The chicken demonstrates the kinds of culinary games played at Demi, the restaurant within a restaurant, or more specifically, dining room within a restaurant, at Dan Chaustit’s Crush in Belvedere Square.
Despite its location in the lower level of Crush, demi is very much its own animal, boasting its own kitchen and executive chef (Tae Strain, who worked at Crush before a stint in New York), its own Facebook page (there’s no mention of demi on Crush’s web site), and its own menu, with no reciprocal crossover with Crush. In demi, you eat from demi’s menu.
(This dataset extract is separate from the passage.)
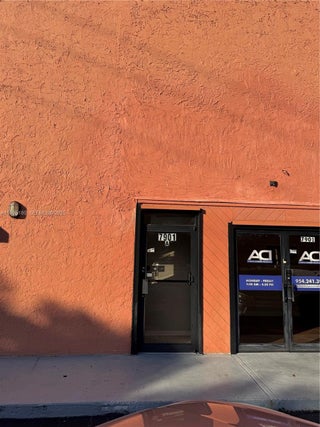 Photo of Listing #A11925180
Time will tell if this will be a profitable move, but it has potential as a smart one. Having two dining rooms with two menus allows different work under the same roof and encourages experimentation without the risk of opening a new restaurant. It also gives regular customers a way to patronize a favored establishment, but enjoy two distinct experiences. And more visits, of course, equals more business.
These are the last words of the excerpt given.